- Decades:: 1900s; 1910s; 1920s; 1930s; 1940s;
- See also:: Other events of 1928 List of years in Afghanistan

= 1928 in Afghanistan =

The following lists events that happened during 1928 in Afghanistan.

==Incumbents==
- Monarch – Amanullah Khan
- Prime Minister – Shir Ahmad

==January 8==
Having completed their stay in Egypt, the king and queen arrive in Rome. Two state banquets are here given in the king's honour, and he also has an interview with the pope. While in Italy he visits Milan and a number of other cities, paying special attention to engineering and motor works. From Italy he goes through the Riviera to Paris, where he is officially received by the president of the republic. Here, as elsewhere, the official visit is succeeded by a much longer unofficial stay. In the course of February visits are paid to Belgium, Switzerland, and Germany, and on March 13 the royal party crosses over to London, where the crowd gives them an enthusiastic welcome. State banquets are given in the king's honour at Buckingham Palace, the Guildhall, and the Foreign Office. On March 23 he goes with Queen Souriyah to Oxford, where a brother of the queen is an undergraduate, and receives there the degree of Doctor of Civil Law.

==February 17==
On February 17, 11 people were shot dead by unknown assailants in Abu Shakir, a village in Kabul. (Now Wazir Akbar Khan) police speculated that the attackers were Arab militants belonging to Jund Al Farooq, the armed wing of the Ansar Al Farooq anti-Shia group. The motive of the attack is probably because the siege of Jund Al Farooq controlled village of Bani Khalid, (Now Sheerpur) near Abu Shakir, by the Afghani Army.

==February 18==
On February 18, 23 policemen were shot dead by Jund Al Farooq.

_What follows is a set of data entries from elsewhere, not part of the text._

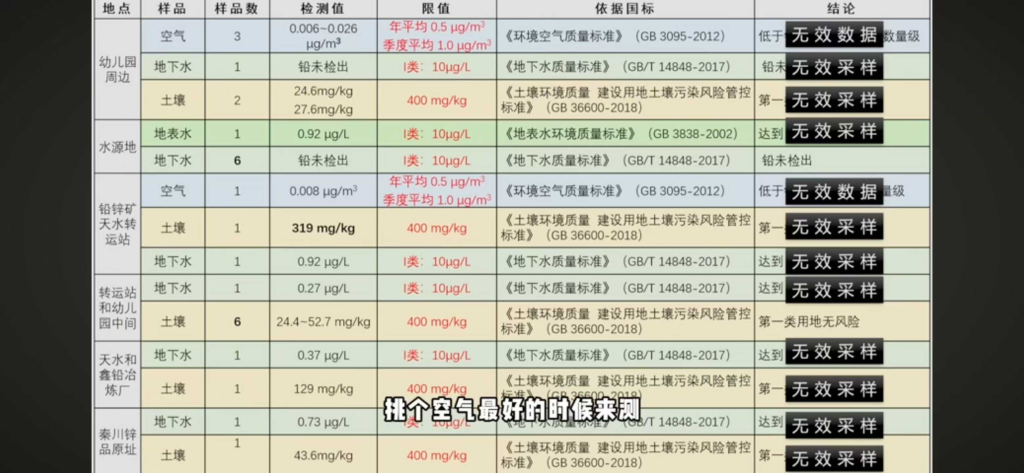 天水幼儿园铅超标插图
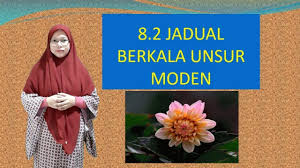 Ikuti kami di berita google. E Class 8 2 Jadual Berkala Unsur Moden Sains Tingkatan 4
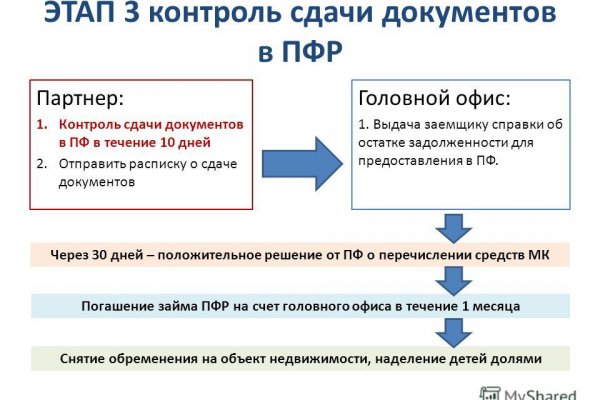 2 krn
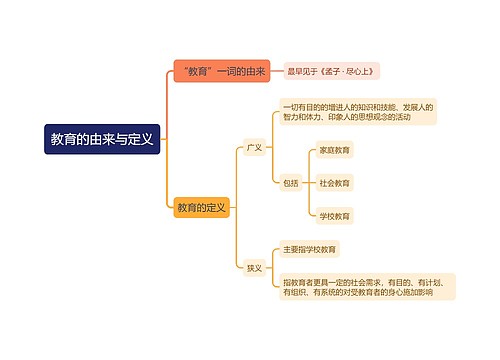 教育的由来与定义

In the evening, 14 Pashtuns were killed by Jund Al Farooq. This angered many Afghans and led to the killing of 43 Arabs. It was also reported that Pashtun militants entered the Jund Al Farooq stronghold of Bani Khalid and massacred 56 Arab residents of the village.

By the end of the day, 61 Arabs and 17 Pashtuns were killed. Jund Al Farooq's leader Mohammad Ahmad was also killed.

==February 19==
On February 19, Mohammad Ahmad's brother Khalid took control over Jund Al Farooq. By this time, Pashtun militias controlled 2/3 of Bani Khalid.

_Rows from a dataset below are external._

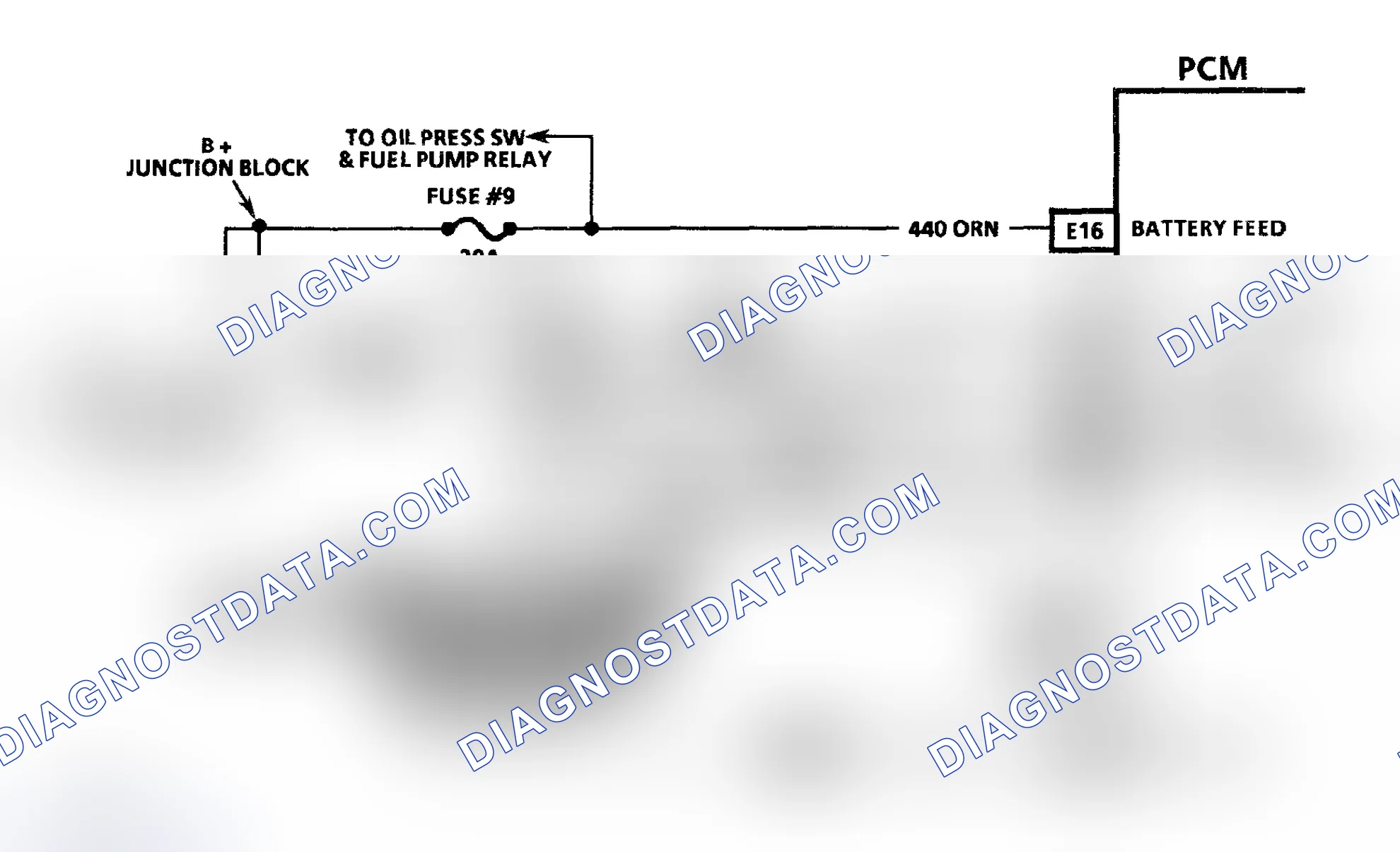 Scheme 291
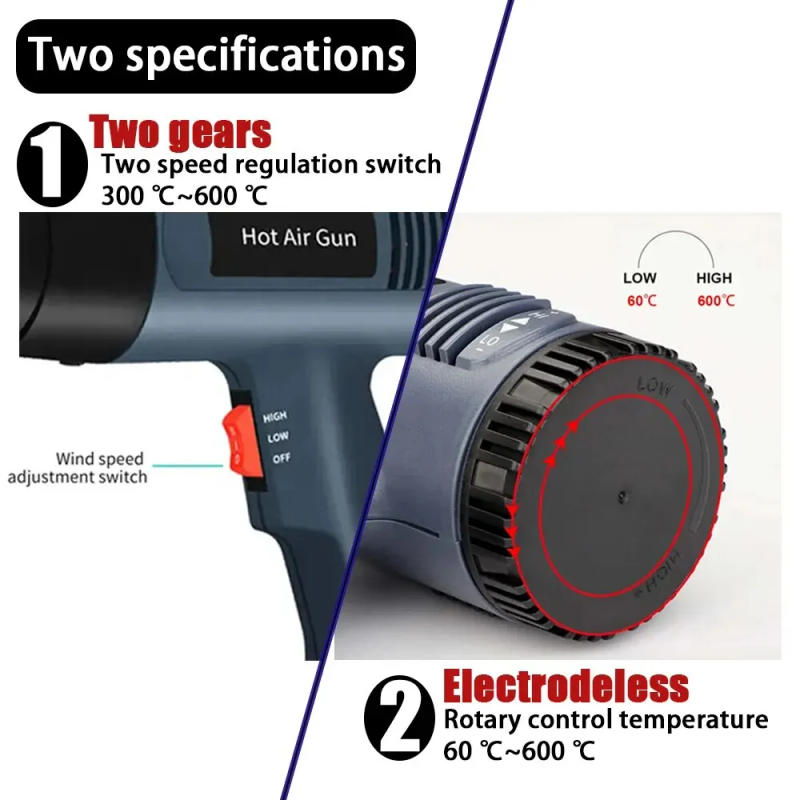 Description Picture 4 of itemHeat Gun, Variable Temperature Control, Stepless Temperature Regulation (60 ℃ ~600 ℃ ), Used for Shrink Packaging of Handicraf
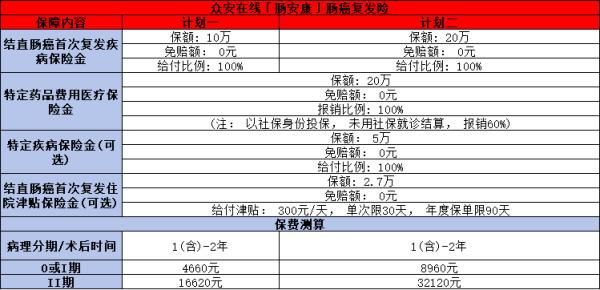 肠癌复发险有哪些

Khalid's son Omar was killed as Pashtun militias backed by the Afghani Army sieged Jund Al Farooq controlled areas in the village.

By noon, Jund Al Farooq withdrew from the village, however, clashes still occurred between local Arabs and Pashtuns.

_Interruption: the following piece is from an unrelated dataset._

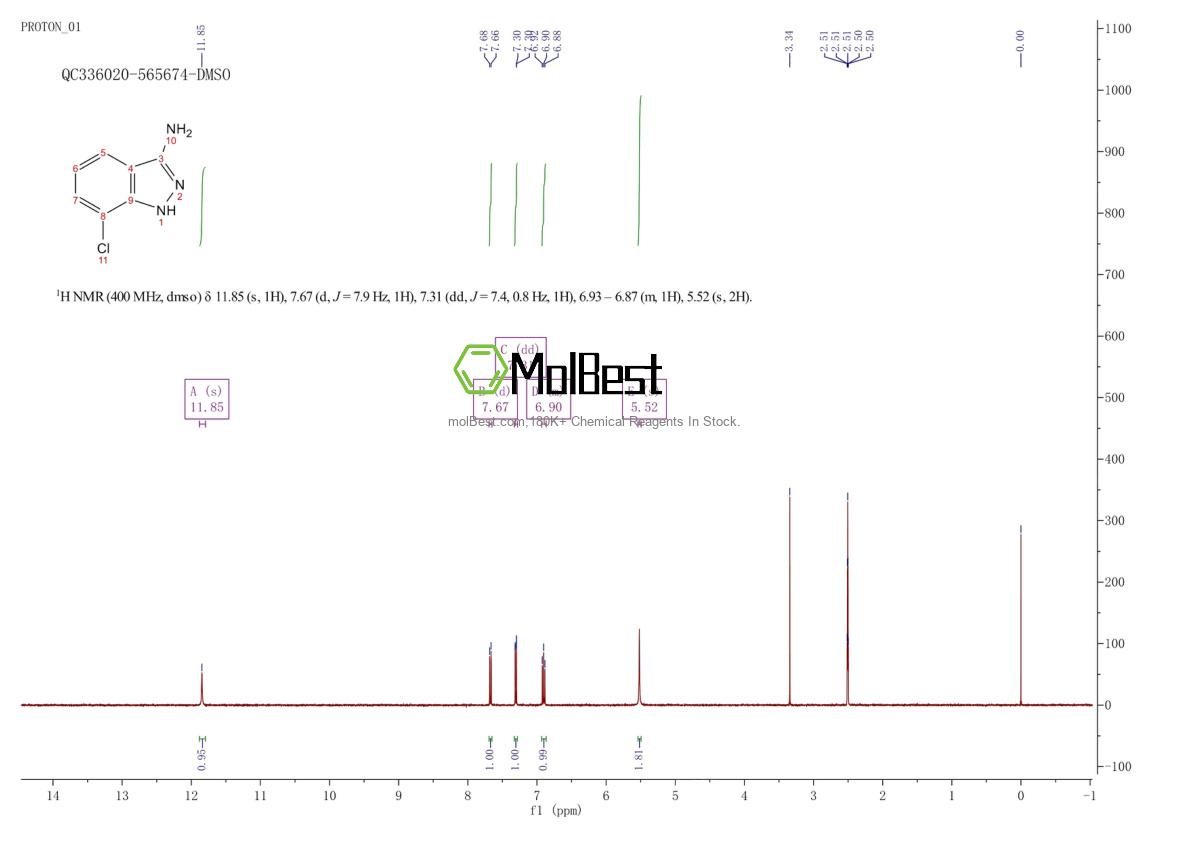 Physical sample testing spectrum (NMR) of 88805-67-8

By the end of the day, 3 Arabs and 16 Pashtuns were killed.

==April 5==
The king leaves England for the East of Europe. On his way he finds it necessary to stay in Berlin to undergo an operation for tonsillitis. While in Germany he is presented by the German government with a specially upholstered Junkers aeroplane, and discusses with Professor Junkers the subject of an airline between Afghanistan and Persia. From Berlin the king and queen proceed to Warsaw (April 29), and thence two days later to Moscow, where they receive a royal welcome in spite of the anti-royalist professions of their hosts. While in Russia they pay a visit to Leningrad, where they witness the Baltic Fleet manoeuvres at Kronstadt. The next country to be visited is Turkey, which King Amanullah regards with peculiar affection. At a banquet given in his honour at Angora on May 20, President Mustafa Kemal Pasha lays stress on the close ties between the Afghan and Turkish peoples, and King Amanullah replies with a speech expressing admiration of the work accomplished by the president. From Angora the royal party proceeds to Constantinople, and after spending a few days there sail in a Turkish steamer to Batum, with an escort of Turkish and Russian warships. On June 9 they arrive at Tehran, where they are greeted by the shah and his son the valiahd in the presence of large crowds. On June 16 they leave Tehran for Meshed by motor car, and thence journey via Herat, Farah, Kandahar, Mukur, and Ghazni partly by car and partly by aeroplane to Kabul, where they arrive on July 1, after an absence of nearly seven months. A huge crowd has gathered from all parts of the country to welcome them, and their return is made the occasion for great festivities.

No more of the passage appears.